Pero, se objetará, sin duda existe lo que se llama «un porte regio». Sí, claro que existe, y lo posee mucha gente que no lleva sangre real, y a muchos reyes les falta, y, de hecho, el que un rey tenga porte regio no es más que una coincidencia.

Vosotros y yo, es decir, el público, aceptaremos todo aquello que no tengamos motivos para poner en duda. Por eso los actores deben estudiar técnicas físicas y de vocalización. Estas técnicas se estudian únicamente para despojar al actor de toda inflexión, de manera que el público pueda aceptarlo en una diversidad de papeles.

¿Qué más podemos aprender de esta mujer de
Canción triste de Hill Street
? Esto: juzgamos a la gente por las primeras impresiones.

Todos hemos tenido la experiencia de que nos caiga bien un chico o una chica, vistos de lejos, y que un amigo comente entonces: «Oh, es un (o una) esnob», o de un posible socio comercial: «Es un pirata», etcétera, y a partir de aquí nos resulta casi imposible separar esa etiqueta de nuestros sentimientos hacia la persona en cuestión,
con independencia de cómo se porte esa persona
.

¿Cómo puede el actor utilizar este fenómeno? Bien, como ya he dicho, comprendiendo que el público aceptará lo que El Guión le ha presentado como cierto, y que el actor no necesita tocarlo. Además, el actor también puede aprovecharlo de otra manera:
dotando
a los demás actores, aquellos con los que actúa, de las características esenciales de la escena.

Subrayo que se trata de las características
esenciales
de la escena, no las
superficiales
. Es decir, no importa que el otro actor sea un rey, pero puede tener importancia que sea
como si
pudiera darte un empleo. Tal vez no importe que el guión caracterice a alguien como un lacayo, pero puede tener importancia que sea
como si
estuviera en deuda contigo.

Nuestra mente aceptará estas dotaciones, lo mismo que el público, si las formulamos con sencillez. No aceptará tales sugerencias si las
representamos
, pero sí las aceptará si
actuamos
a partir de ellas. No hace falta que las
creamos
(ni que las crea el público), sólo hemos de actuar
como si
.

Todos hemos experimentado cómo una
dotación
cambia nuestra percepción de otra persona. Por ejemplo, cuando nos dicen que el jefe es un héroe de guerra con numerosas condecoraciones, o que aquel subordinado es un brillante pianista, o que el don nadie del bar tiene un éxito infalible con las mujeres, o que la aprendiza posee más de cinco millones de dólares. Constantemente estamos oyendo este tipo de cosas y
actuamos
a partir de ellas. Si nos dicen que la aprendiza es enormemente rica, ya no podemos seguir viéndola de la misma manera que antes, ¿o sí?
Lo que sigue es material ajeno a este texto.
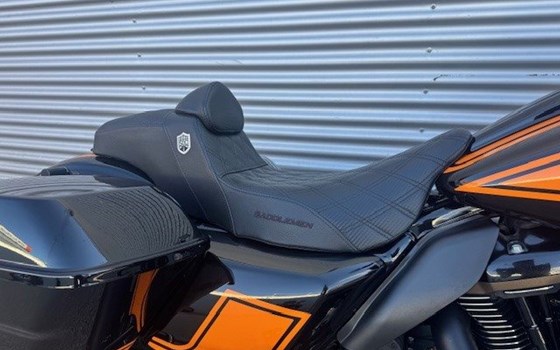 Gebrauchtmotorrad Harley-Davidson Touring Road Glide ST - Bild 7 Gebrauchtmotorrad Harley-Davidson Touring Road Glide ST - Bild 7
Esta es la parte divertida de actuar. Esto es «jugar»
[2]
. Es la solución sencilla a un problema complejo, el problema de la «caracterización». Para un actor no existe cosa tal como la caracterización. El carácter, como nos recordó Aristóteles, no es más que la acción habitual. Conocemos el carácter de las personas
-por lo que hacen
, y tendemos a pasar por alto lo que dicen de ellas mismas, sobre todo cuando las cosas que dicen de ellas mismas están evidentemente calculadas para inducimos a responder de una manera que redunde en su propio interés. No somos tontos. Sabemos cuándo alguien está jactándose a fin de llevarnos a la cama o echar mano de nuestra cartera. Sabemos que nos reservaremos la opinión sobre el carácter de una persona hasta que veamos
cómo actúa
. Lo sabemos cuando nos encontramos con esta persona en una fiesta, y lo sabemos igualmente cuando nos la encontramos en el teatro.
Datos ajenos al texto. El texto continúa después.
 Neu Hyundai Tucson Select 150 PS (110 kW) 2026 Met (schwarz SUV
Es el autor quien debe ocuparse de la
caracterización
, y si el autor sabe lo que se lleva entre manos, también él la evitará como a la peste, y nos mostrará
¿o que hace el personaje
en lugar de recibir su aparición con un: «Vaya, vaya, si es mi hermanastro, el bala perdida, recién llegado de Nueva Zelanda.»

No olvidemos que la psicología de quienes componen el publico es exactamente igual que la psicología de los que están en el escenario.

La sencilla magia del teatro reside en la naturaleza de la percepción humana, en el hecho de que a todos nos gusta escuchar historias.

Y las historias que más nos gustan son las que están explicadas con mayor sencillez.

Esta magia, bien entendida, deja satisfechos a los actores y al público. Es un don de Dios, no las aburridas manipulaciones técnicas de un «artista» espabilado lleno de buenas ideas. Como nos advirtió Stanislavsky, cualquier director que crea que tiene que hacer algo «interesante» con el texto no ha comprendido el texto.

Estuve viendo también
Cagney y Lacey
. Aquí aparece Tyne Daly, sin duda una de nuestras mejores actrices, una artista modelo a la que da gusto ver en el papel que sea. En este episodio, ella y su compañera policía, interpretada por Sharon Gless, entran en un edificio al que un cartel identifica como una fábrica de conservas cárnicas.

Cuando Tyne entra en el lugar, y por indicación del director, hace el gesto de olfatear. ¿Por qué? El director le indicó que olfateara para confirmar el hecho de que se hallaba en una fábrica de conservas cárnicas. Bueno. Eso ya lo sabíamos. Todos vimos el cartel. Y nadie necesita que le digan las cosas dos veces. Es como decir: «Te amo.
(Pausa)
Y lo digo en serio.» Si creímos el «te amo», dejamos inmediatamente de creerlo cuando oímos el añadido.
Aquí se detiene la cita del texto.